Лаконизм объективности — сильнее «программности». И сразу же — временной разрыв, минующий смерть: «И теперь все в городе спрашивают: откуда у Ротшильда такая хорошая скрипка? (...) Он давно уже оставил флейту и играет теперь только на скрипке» (8, 305). Как всегда в истории искусства, — преодоление шаблона играет роль художественного приема («лаконизм»).

Батюшка сохраняет тайну исповеди, что и мотивирует «незнание» города: предметность скрипки исчезает, преобразуясь в общую Культуру, музыку Иванова-Ротшильда, мировую Душу: ...«Из-под смычка у него льются такие же жалобные звуки, как и в прежнее время из флейты, но когда он старается повторить то, что играл Яков, сидя на пороге, то у него выходит нечто такое унылое и скорбное, что слушатели плачут...» (8, 305).
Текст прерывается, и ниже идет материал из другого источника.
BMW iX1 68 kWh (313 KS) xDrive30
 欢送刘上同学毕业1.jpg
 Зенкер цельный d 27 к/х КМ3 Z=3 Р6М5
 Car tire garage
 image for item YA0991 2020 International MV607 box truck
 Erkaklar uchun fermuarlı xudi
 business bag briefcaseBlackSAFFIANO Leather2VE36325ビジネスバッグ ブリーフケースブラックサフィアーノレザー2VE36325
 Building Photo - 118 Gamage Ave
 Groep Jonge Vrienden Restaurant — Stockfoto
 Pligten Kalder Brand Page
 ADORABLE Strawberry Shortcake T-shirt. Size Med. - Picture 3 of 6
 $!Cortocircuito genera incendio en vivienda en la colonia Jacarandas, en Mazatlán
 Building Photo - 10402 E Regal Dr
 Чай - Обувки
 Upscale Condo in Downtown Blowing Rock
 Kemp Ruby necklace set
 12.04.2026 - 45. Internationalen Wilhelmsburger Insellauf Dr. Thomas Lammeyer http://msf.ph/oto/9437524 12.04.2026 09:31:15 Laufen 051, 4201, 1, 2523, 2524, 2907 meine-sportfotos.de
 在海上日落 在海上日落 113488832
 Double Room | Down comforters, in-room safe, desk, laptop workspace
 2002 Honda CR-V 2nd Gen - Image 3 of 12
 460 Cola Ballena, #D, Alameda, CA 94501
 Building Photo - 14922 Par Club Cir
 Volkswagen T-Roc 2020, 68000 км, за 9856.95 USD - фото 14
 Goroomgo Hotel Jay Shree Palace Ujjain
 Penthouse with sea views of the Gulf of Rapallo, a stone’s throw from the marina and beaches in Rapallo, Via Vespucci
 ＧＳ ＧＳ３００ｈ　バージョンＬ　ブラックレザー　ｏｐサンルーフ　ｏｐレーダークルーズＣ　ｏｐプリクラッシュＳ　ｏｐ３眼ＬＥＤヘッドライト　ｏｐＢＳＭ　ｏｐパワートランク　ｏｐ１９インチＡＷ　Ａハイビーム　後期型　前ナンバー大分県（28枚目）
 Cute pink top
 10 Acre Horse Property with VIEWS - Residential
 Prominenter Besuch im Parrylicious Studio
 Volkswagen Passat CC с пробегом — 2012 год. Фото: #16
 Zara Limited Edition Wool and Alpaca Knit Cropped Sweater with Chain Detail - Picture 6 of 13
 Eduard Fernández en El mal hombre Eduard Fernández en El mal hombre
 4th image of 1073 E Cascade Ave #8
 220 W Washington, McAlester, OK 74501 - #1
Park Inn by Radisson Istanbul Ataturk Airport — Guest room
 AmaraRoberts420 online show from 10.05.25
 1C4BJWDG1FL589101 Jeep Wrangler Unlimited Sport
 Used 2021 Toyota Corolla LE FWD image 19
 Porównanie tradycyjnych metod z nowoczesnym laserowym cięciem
Философская значимость символики «Вишневого сада» и «Скрипки Ротшильда» явно обнаруживается поэтикой рассказа «Студент», где Чехов сочетает сиюминутное и Евангелие. По свидетельству И. Бунина и Ивана Чехова (младшего брата), рассказу «Студент» автор придавал особое значение. «Иван Великопольский, студент духовной академии» — рассказывает двум простым женщинам, Василисе и ее дочери Лукерье, — о страданиях «девятнадцать веков назад». Студент «переводит» Евангелие на язык повседневных, извечных людских страданий: «тихий-тихий, темный-темный сад и в тишине слышатся глухие рыдания...

Студент вздохнул и задумался» (8, 307—308).

Способность к состраданию оценивается и в этом рассказе как основное качество, цель, средство, гарантирующее Возрождение. «...Василиса вдруг всхлипнула, слезы крупные, изобильные, потекли у нее по щекам...» (8, 308). Музыка сострадания — передается всем: «...правда и красота, (...) по-видимому, всегда составляли главное в человеческой жизни и вообще на земле» (8, 309). Ивану Великопольскому «было только 22 года» и его «чувство молодости, здоровья и силы» мотивирует мажорность концовки. Чехов объективен и здесь.

Примечания

1. См. К. Чуковский. О Чехове. 1967.

2. См. Е. Коншина. Записные книжки Чехова.

3. Л. Долотова. Примечания, т. 8 ПССП. М., 1977.

4. Д. Иоаннисян. Три рассказа. Сб. ст. Ростов н/Д., 1960.

5. См. Л. Ржевский. Три темы по Достоевскому. 1972.

6. Кн. А.И. Урусов. Статьи, письма... М., 1907, стр. 330.

7. См. И. Шафаревич. — Социализм.

8. См. Б. Томашевский. Пушкин. Том I и II.

9. А. Белый. Мастерство Гоголя.

10. Г. Гуковский. Реализм Гоголя. М., 1959.

11. См. А. Синявский. — В тени Гоголя.

12. Л. Гроссман. — Достоевский.

13. А. Дерман. О мастерстве Чехова. М., 1959.